Trust in experimentation. Many sub-Saharian cultures traditionally perceive home as a wide environment, as a place defined more by rituals and social practices than by a compact volume. While Western urban culture strongly characterized public space, African and traditional Chinese cities share a certain indifference towards a highly specialized urban environment. Contemporary low density African cities could experiment the implantation and manipulation of a foreign high-density typology: the Chinese courtyard house. This model, on a regional base, already shares some relevant aspects with the sub-Saharan housing: a marked homogeneity of types, while variation relies on variation in scale and in the quality and decoration of materials, and the definition through a fence of a microcosm where families run their daily life. These inner spaces are usually specialized and rigidly comparted in their use, while there's a progressive and blurred distinction between indoors and outdoors, thanks also to a mild climate.The pattern of the fence could allow different degrees of privacy, eventually disappearing when the relationships between neighbors grow.
Trust as pooling of risk. A large-scale housing policy financed through microbanking. Small scale banking has consistently supported development worldwide, boosting job creation and raising living standards. The joint liability of a group of borrowers reduces the risk of lending to the poorest, inducing responsible attitude between citizens.

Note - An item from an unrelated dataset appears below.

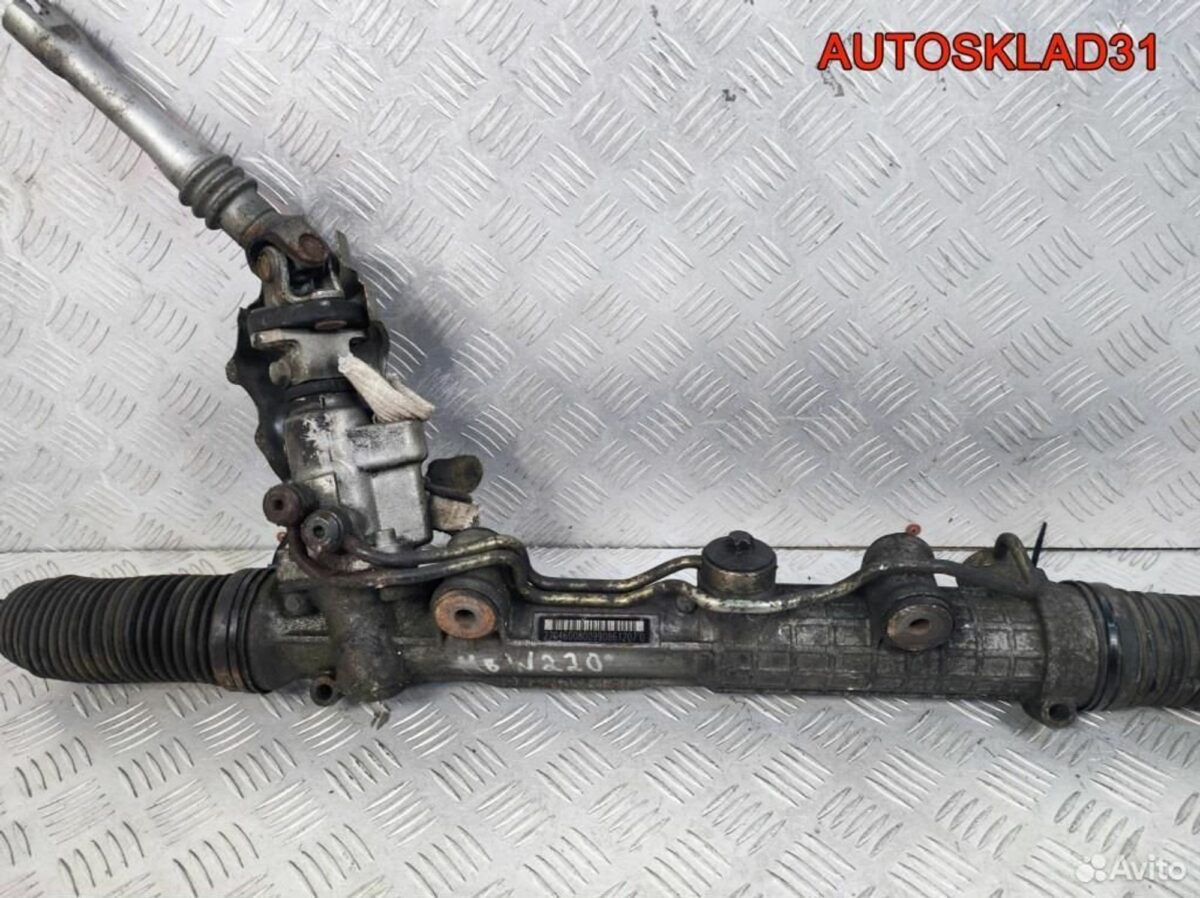Рулевая рейка Mercedes Benz W220 A2204600800 - АвтоСклад31.рф - авторазборка контрактные б/у запчасти в г. Белгород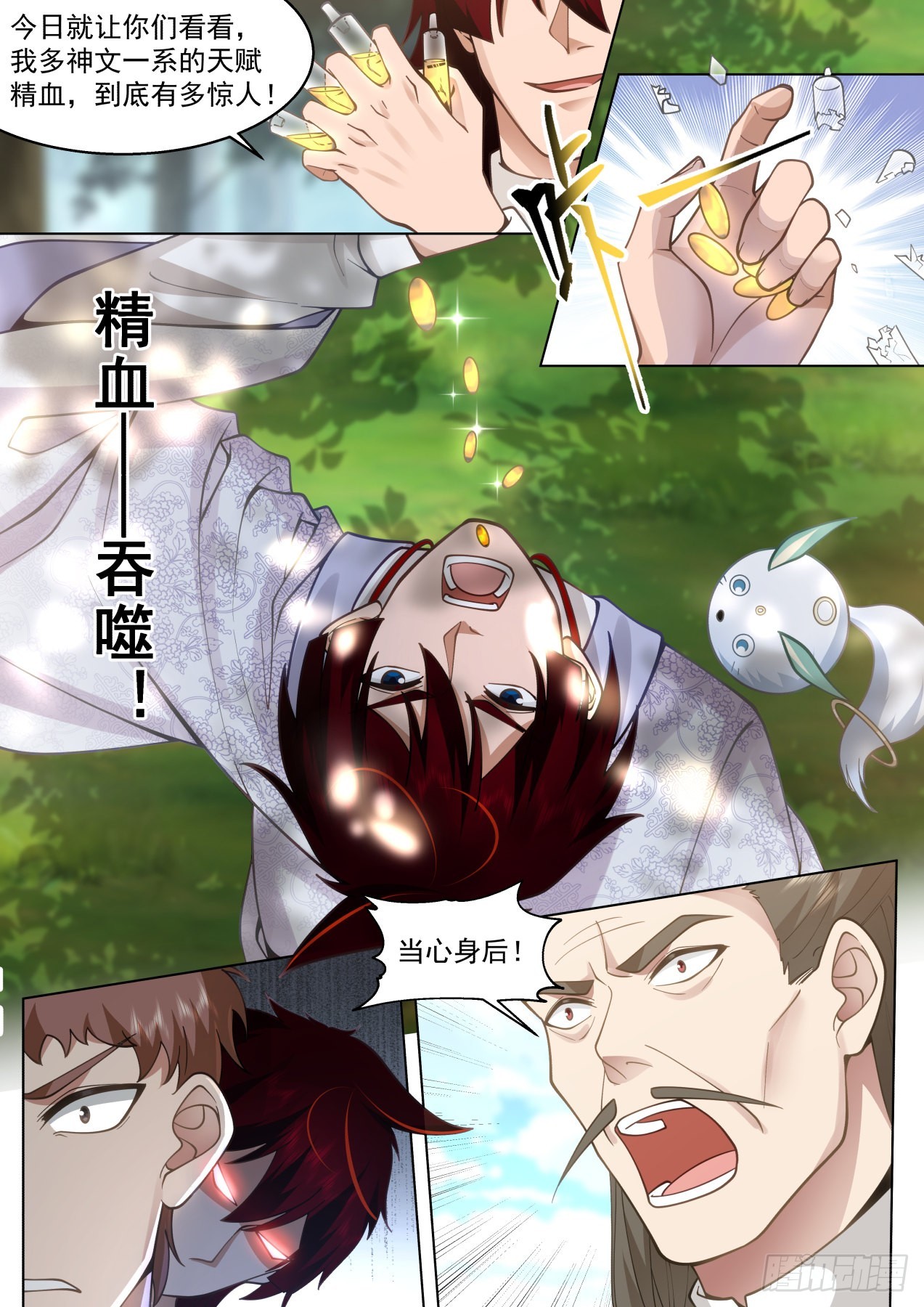 万族之劫全文阅读免费漫画,星落山篇-1v7凌云？1图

Trust in space and experience sharing. While nowadays there's often a close and univocal bond between a house and a family, the ever-increasing degree of proximity and density induced by inurbation in modern African cities could induce the proliferation of new practices and lifestyles, driven by social or economical needs. By instance, families could break their isolation towards foreign people and open part of their daily private environment to other inhabitants: each house could have a part that can be rented so that the rent pays the bond for the house, or contributes in raising the family living standards and increasing the confidence and trust towards fellow citizens.
1. Hard /soft
A house as a microcosm of materic elements within a soft edge: while the individual space (rooms) is determined by a hard boundary (walls), the family space (house) is defined by a soft edge (fence).
2.Outer / inner rooms
The mild Angolan climate allows having a progressive and blurred distinction between indoors and outdoors: the house can be seen as a sequence covered/uncovered of rooms, each of the rooms devoted to a certain activity.
The division between street/house, public/private is not always determined by a recognizable threshold: in-between spaces are spaces belonging to either the public or private domain and are equally accessible to both sides.